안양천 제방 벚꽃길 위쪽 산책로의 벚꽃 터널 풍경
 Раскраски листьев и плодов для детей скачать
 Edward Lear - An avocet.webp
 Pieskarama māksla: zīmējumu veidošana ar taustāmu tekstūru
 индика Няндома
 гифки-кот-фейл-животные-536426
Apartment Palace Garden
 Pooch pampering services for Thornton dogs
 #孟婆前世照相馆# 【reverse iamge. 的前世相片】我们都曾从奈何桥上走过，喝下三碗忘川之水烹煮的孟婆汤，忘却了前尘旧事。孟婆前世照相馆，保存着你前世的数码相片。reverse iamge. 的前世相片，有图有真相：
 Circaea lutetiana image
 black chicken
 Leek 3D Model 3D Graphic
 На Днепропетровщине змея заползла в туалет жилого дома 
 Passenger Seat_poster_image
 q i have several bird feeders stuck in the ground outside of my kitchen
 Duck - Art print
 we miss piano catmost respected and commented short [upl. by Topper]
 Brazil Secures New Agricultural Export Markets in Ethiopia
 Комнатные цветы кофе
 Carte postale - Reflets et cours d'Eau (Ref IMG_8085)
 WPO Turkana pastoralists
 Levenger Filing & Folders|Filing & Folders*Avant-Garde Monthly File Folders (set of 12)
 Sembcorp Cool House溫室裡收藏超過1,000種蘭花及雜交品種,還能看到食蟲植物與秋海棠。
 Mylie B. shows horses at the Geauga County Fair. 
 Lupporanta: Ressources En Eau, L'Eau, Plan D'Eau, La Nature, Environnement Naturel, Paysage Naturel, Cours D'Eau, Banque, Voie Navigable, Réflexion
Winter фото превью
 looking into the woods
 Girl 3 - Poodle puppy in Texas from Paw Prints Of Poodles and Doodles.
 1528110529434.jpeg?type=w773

········

** WHAT YOU NEED TO DO **
All that belongs in your answer is the stretch of entries above from the line with "Apartment Palace Garden" through the line with "Levenger Filing &", printed exactly.

** TASK OUTPUT **
Apartment Palace Garden
 Pooch pampering services for Thornton dogs
 #孟婆前世照相馆# 【reverse iamge. 的前世相片】我们都曾从奈何桥上走过，喝下三碗忘川之水烹煮的孟婆汤，忘却了前尘旧事。孟婆前世照相馆，保存着你前世的数码相片。reverse iamge. 的前世相片，有图有真相：
 Circaea lutetiana image
 black chicken
 Leek 3D Model 3D Graphic
 На Днепропетровщине змея заползла в туалет жилого дома 
 Passenger Seat_poster_image
 q i have several bird feeders stuck in the ground outside of my kitchen
 Duck - Art print
 we miss piano catmost respected and commented short [upl. by Topper]
 Brazil Secures New Agricultural Export Markets in Ethiopia
 Комнатные цветы кофе
 Carte postale - Reflets et cours d'Eau (Ref IMG_8085)
 WPO Turkana pastoralists
 Levenger Filing & Folders|Filing & Folders*Avant-Garde Monthly File Folders (set of 12)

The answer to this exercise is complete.